DATA FOR ANALYSIS >>
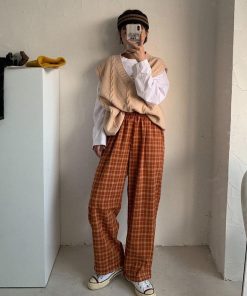 Jean Under Dress, Cute Outfits Warm Weather - Elasticated Waist Checkered Sweatpants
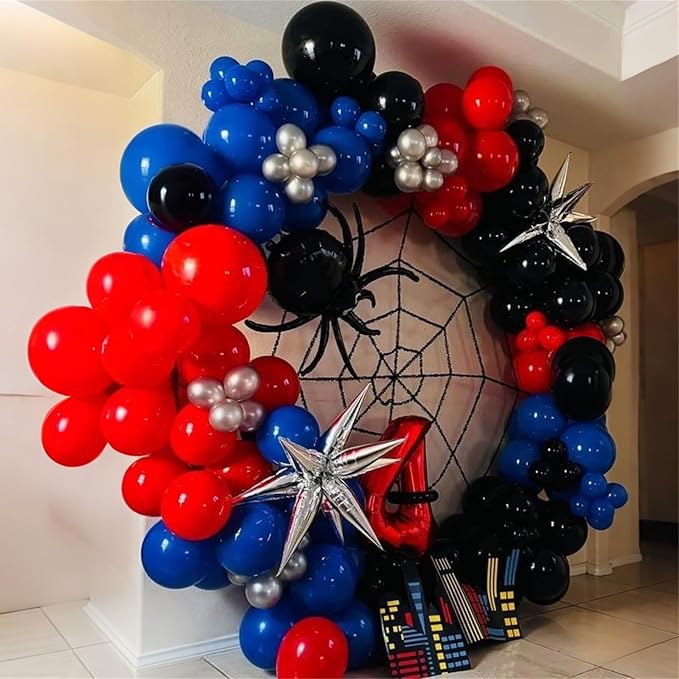 Red Blue Black Balloon Arch Garland Kit, 101 Pcs Matte Red Black and Royal Blue Latex Balloon Garland Set for Boys Kids Man Halloween Cool Spider Theme Party Birthday Graduation Party Decorations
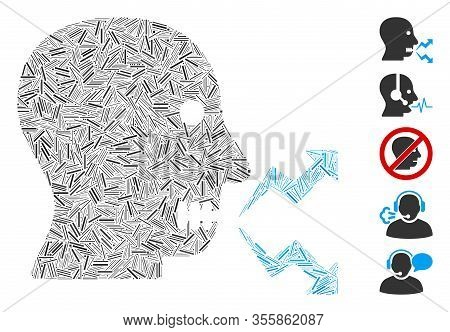 Hatch Mosaic Based On Angry Person Shout Icon. Mosaic Vector Angry Person Shout Is Created With Rand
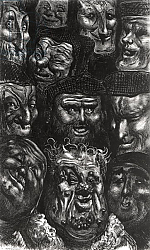 Постер Доре Гюстав Eleven grotesque faces from 'Les Contes Drolatiques' by Honore de Balzac engraved by Predhomme Постер Доре Гюстав Eleven grotesque faces from 'Les Contes Drolatiques' by Honore de Balzac engraved by Predhomme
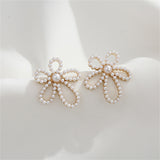 Pearl & 18k Gold-Plated Flower Stud Earrings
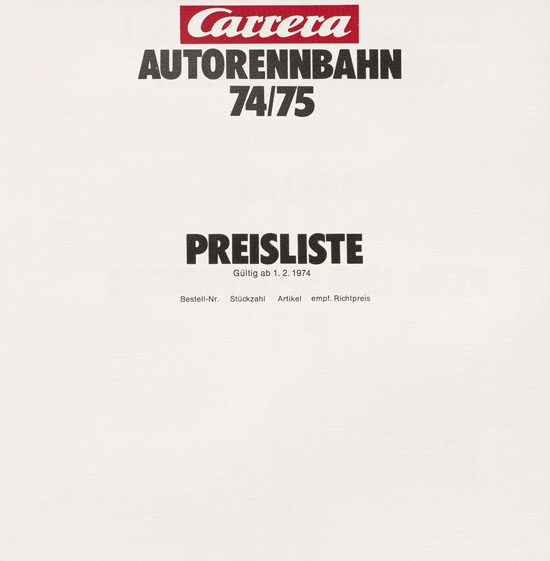 Carrera Katalog 1974-1975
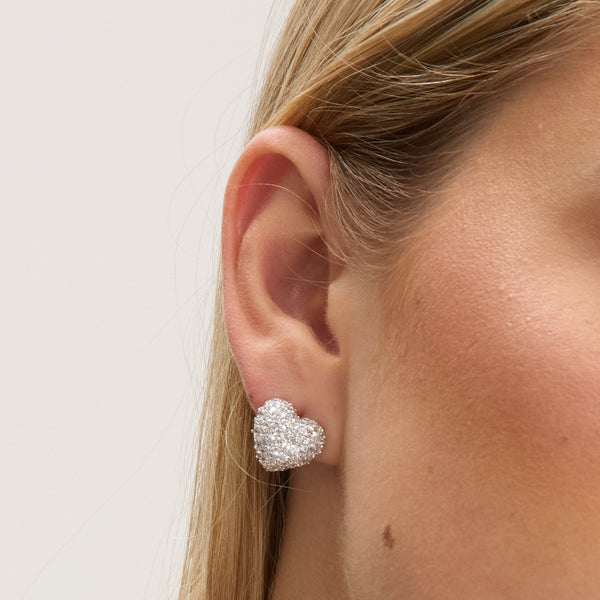 Jon Richard Rhodium Plated and Pave Heart Stud Earrings - Gift Box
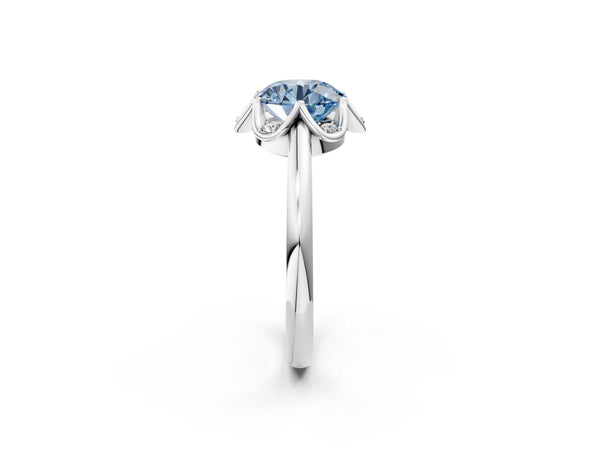 White gold Fancy Blue Round  Halo Diamond Ring with Round Cluster Setting, Solitaire Band, and Four-Prong Setting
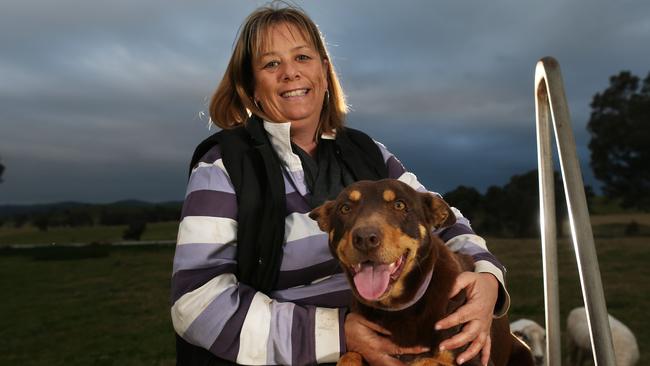 Farmer and firefighter Vivien Thomson with her dog Chelsea. (Pic: Gary Ramage)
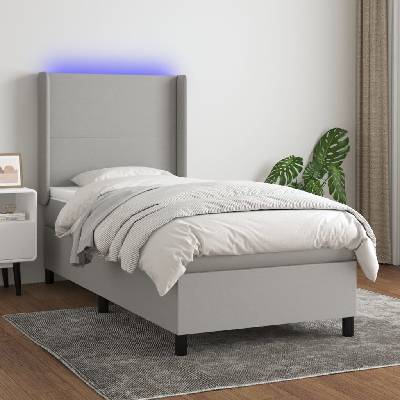 vidaXL 3138115 Boxspring postel s matrací a LED textil / barva světle šedá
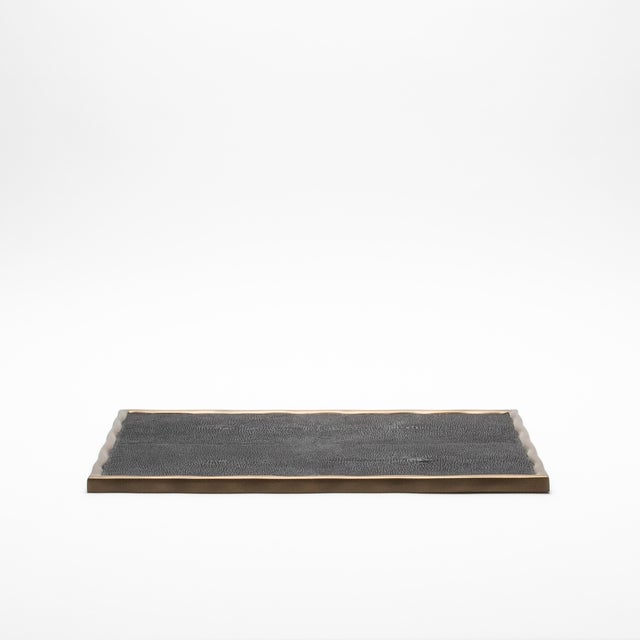 The Rectangular Melting Tray by R&Y Augousti in black shagreen exudes refined sophistication and meticulous craftsmanship....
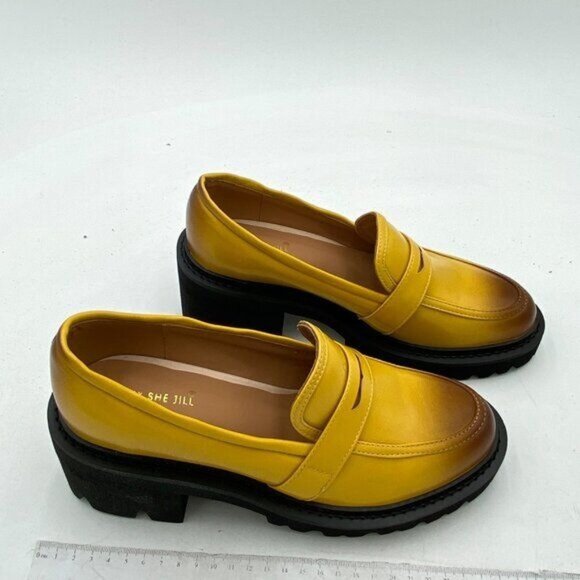 Shoes - Womens Platform Loafers Lug Sole Chunky Heel Non Slip Faux Leather Casual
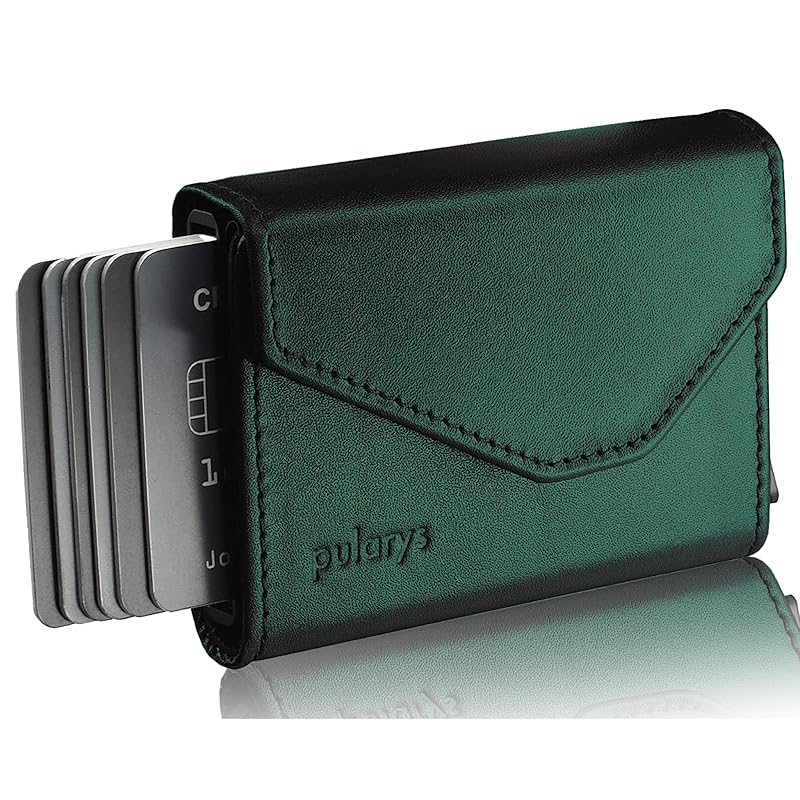 

[Genuine leather luxury Incredible storage capacity in palm size] pularys compact wallet mini wallet wallet mini wallet men s RAVEN RFID wallet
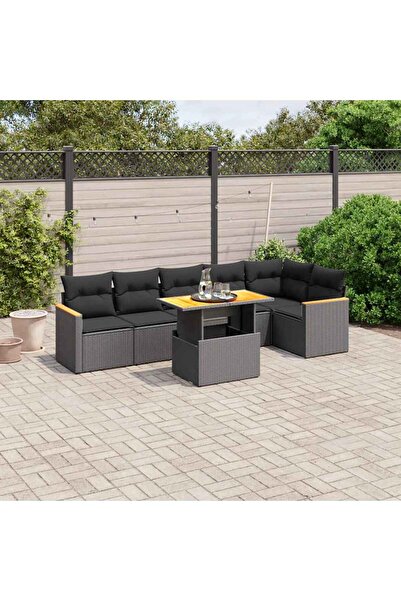 vidaxl Set canapele de gradina cu perne, 7 piese, negru, poliratan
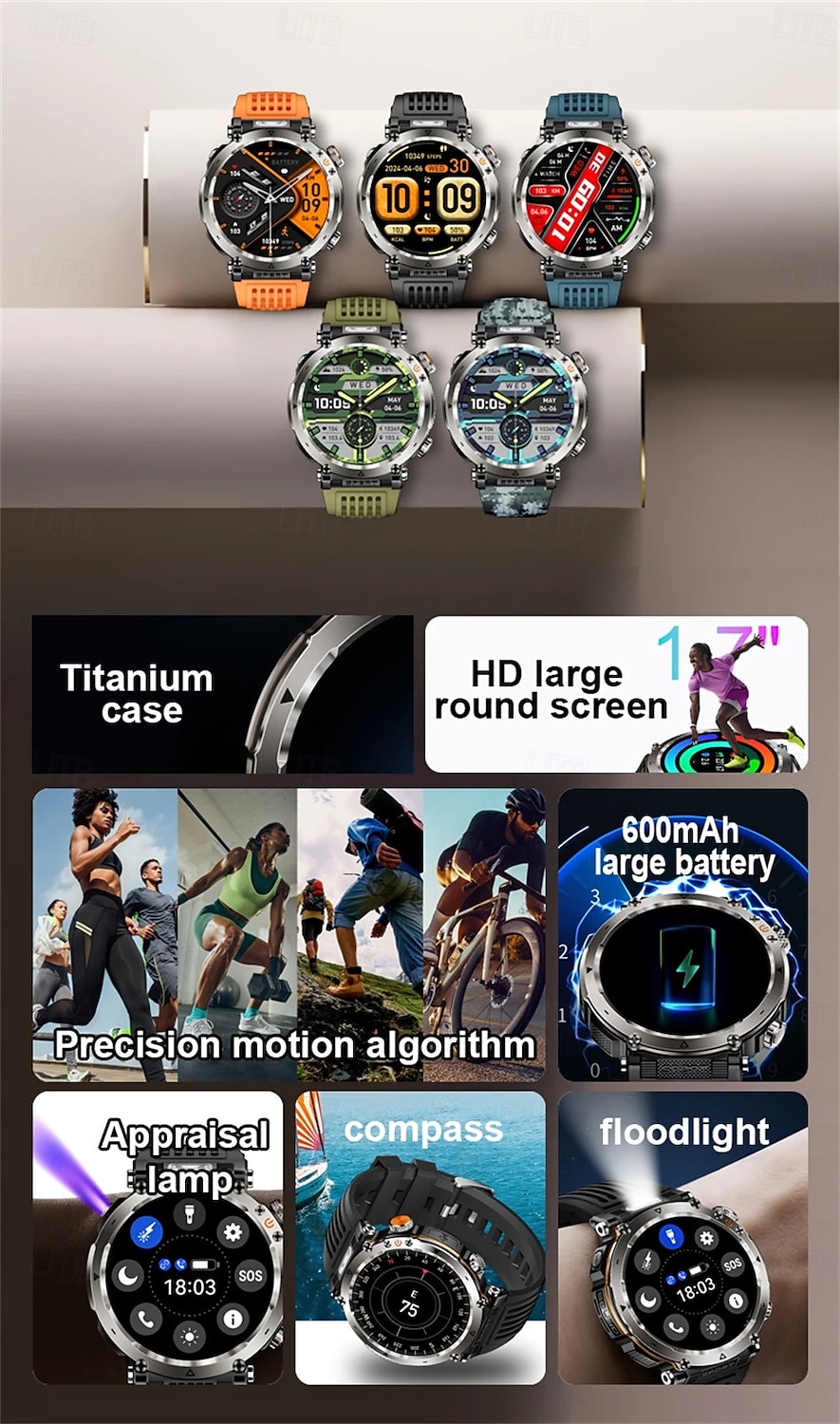 2025年 HT30 スマートウォッチ ブルートゥース通話 メンズ アウトドア スポーツ フィットネス コンパス 心拍数 健康モニタリング 600mAh 大容量バッテリー スマートウォッチ コレクション – $55.99 –P3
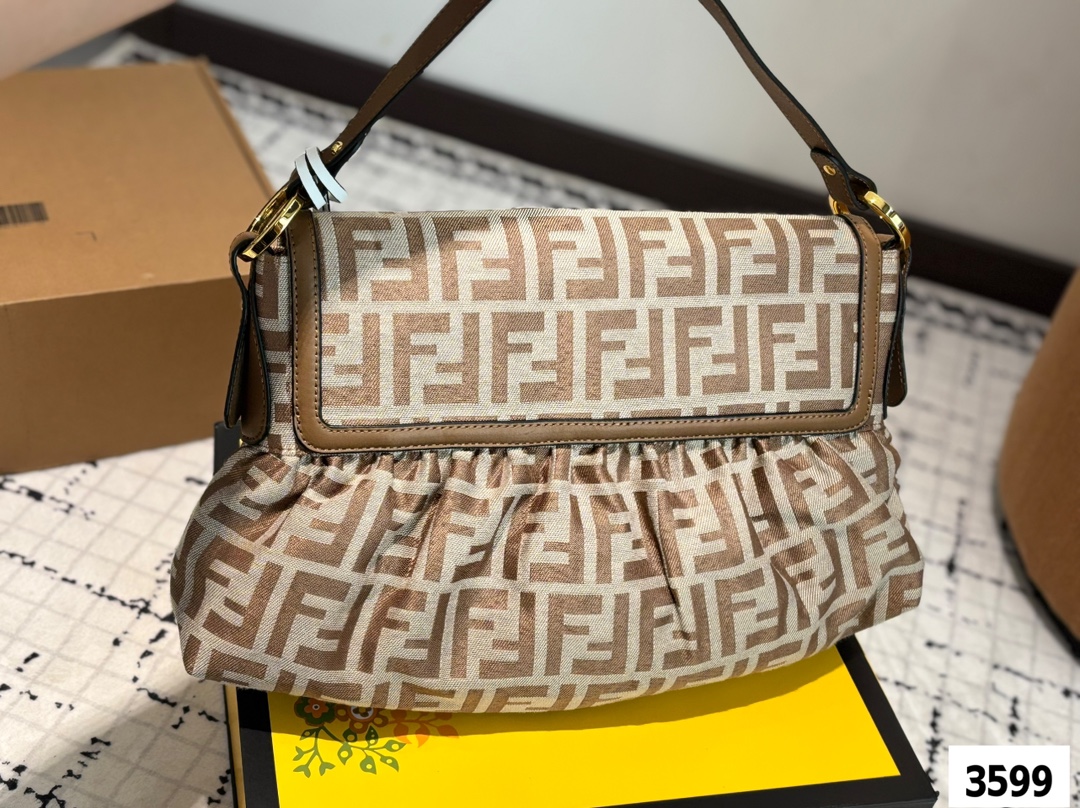 FENDI バッグ キャンバス フォンテイン ショルダーバッグ 🎀 2色入 - 画像 6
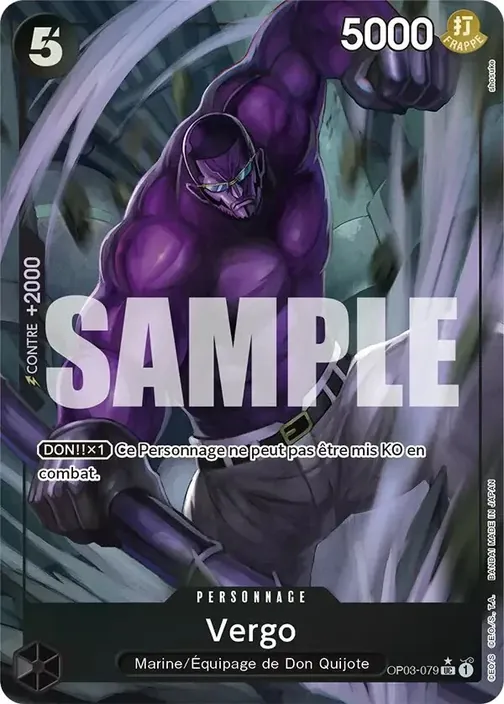 Carte One Piece française OP03-079 Vergo (version 5)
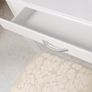 White Dressing Table with Oval Mirror Stool and 3 Drawers Image 5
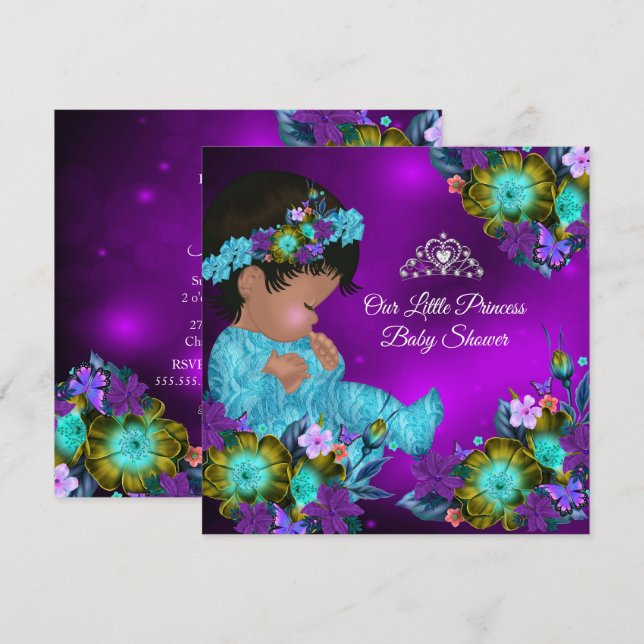 Convites Chá de Bebê Princesa Azul Turquesa Roxo Menina Étn (Frente/Verso)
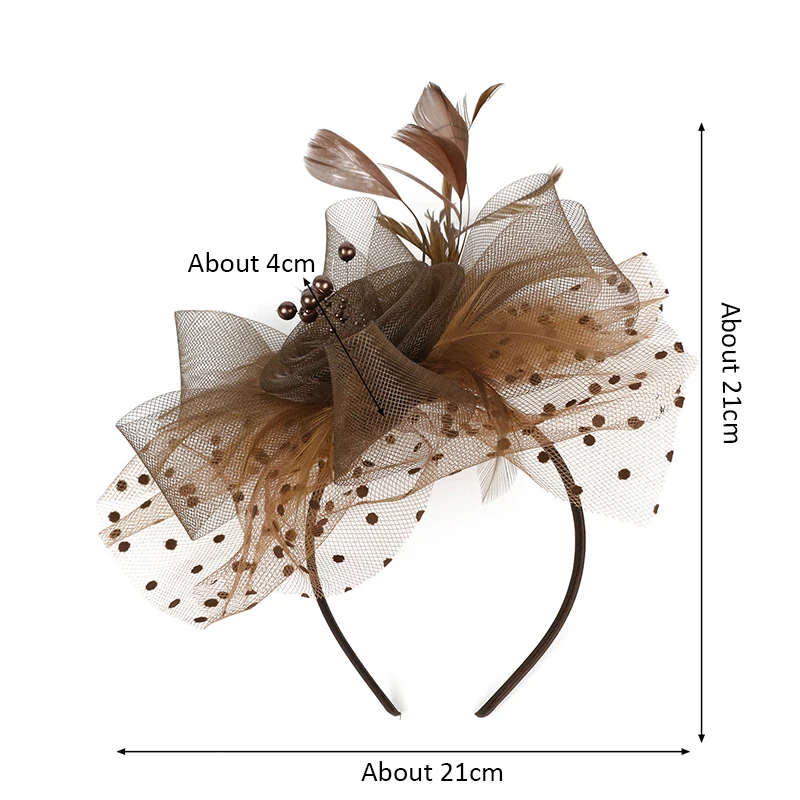 Hot Sale Tea Party Headwear Fascinator Hats headdress Flower Mesh Ribbons Feathers on a Headband and Clip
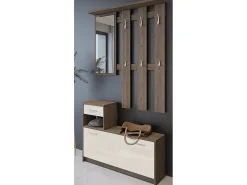 Móvel De Entrada|Dmora Móvel de entrada Dbiagin, Entrada moderna com espelho, Armário com sapateira, Armário multifuncional, 100x25h180 cm, Branco e Carvalho Castanho / Branco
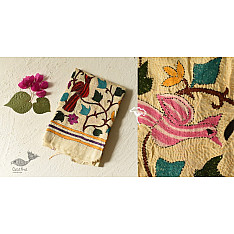 Pushparam . पुष्पारम | Kantha Tussar Silk Stole ~ Myna Bird Embroidered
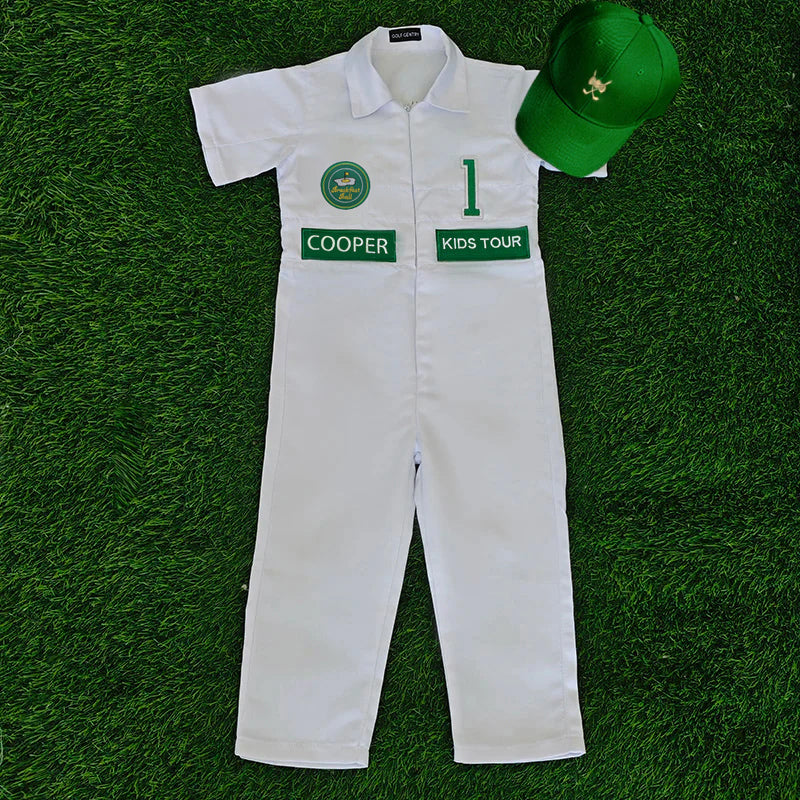 Custom Golf Short-Sleeved Shirt And Long Pants Suit for kids Golf White-Green Suit Children's Jumpsuit Baby Golf Birthday Uniform With Hat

THE PROBLEM >>
Return the records above verbatim, images excluded.

RESPONSE BELOW >>
 Jean Under Dress, Cute Outfits Warm Weather - Elasticated Waist Checkered Sweatpants
 Red Blue Black Balloon Arch Garland Kit, 101 Pcs Matte Red Black and Royal Blue Latex Balloon Garland Set for Boys Kids Man Halloween Cool Spider Theme Party Birthday Graduation Party Decorations
 Hatch Mosaic Based On Angry Person Shout Icon. Mosaic Vector Angry Person Shout Is Created With Rand
 Постер Доре Гюстав Eleven grotesque faces from 'Les Contes Drolatiques' by Honore de Balzac engraved by Predhomme Постер Доре Гюстав Eleven grotesque faces from 'Les Contes Drolatiques' by Honore de Balzac engraved by Predhomme
 Pearl & 18k Gold-Plated Flower Stud Earrings
 Carrera Katalog 1974-1975
 Jon Richard Rhodium Plated and Pave Heart Stud Earrings - Gift Box
 White gold Fancy Blue Round  Halo Diamond Ring with Round Cluster Setting, Solitaire Band, and Four-Prong Setting
 Farmer and firefighter Vivien Thomson with her dog Chelsea. (Pic: Gary Ramage)
 vidaXL 3138115 Boxspring postel s matrací a LED textil / barva světle šedá
 The Rectangular Melting Tray by R&Y Augousti in black shagreen exudes refined sophistication and meticulous craftsmanship....
 Shoes - Womens Platform Loafers Lug Sole Chunky Heel Non Slip Faux Leather Casual

[Genuine leather luxury Incredible storage capacity in palm size] pularys compact wallet mini wallet wallet mini wallet men s RAVEN RFID wallet
 vidaxl Set canapele de gradina cu perne, 7 piese, negru, poliratan
 2025年 HT30 スマートウォッチ ブルートゥース通話 メンズ アウトドア スポーツ フィットネス コンパス 心拍数 健康モニタリング 600mAh 大容量バッテリー スマートウォッチ コレクション – $55.99 –P3
 FENDI バッグ キャンバス フォンテイン ショルダーバッグ 🎀 2色入 - 画像 6
 Carte One Piece française OP03-079 Vergo (version 5)
 White Dressing Table with Oval Mirror Stool and 3 Drawers Image 5
 Convites Chá de Bebê Princesa Azul Turquesa Roxo Menina Étn (Frente/Verso)
 Hot Sale Tea Party Headwear Fascinator Hats headdress Flower Mesh Ribbons Feathers on a Headband and Clip
 Móvel De Entrada|Dmora Móvel de entrada Dbiagin, Entrada moderna com espelho, Armário com sapateira, Armário multifuncional, 100x25h180 cm, Branco e Carvalho Castanho / Branco
 Pushparam . पुष्पारम | Kantha Tussar Silk Stole ~ Myna Bird Embroidered
 Custom Golf Short-Sleeved Shirt And Long Pants Suit for kids Golf White-Green Suit Children's Jumpsuit Baby Golf Birthday Uniform With Hat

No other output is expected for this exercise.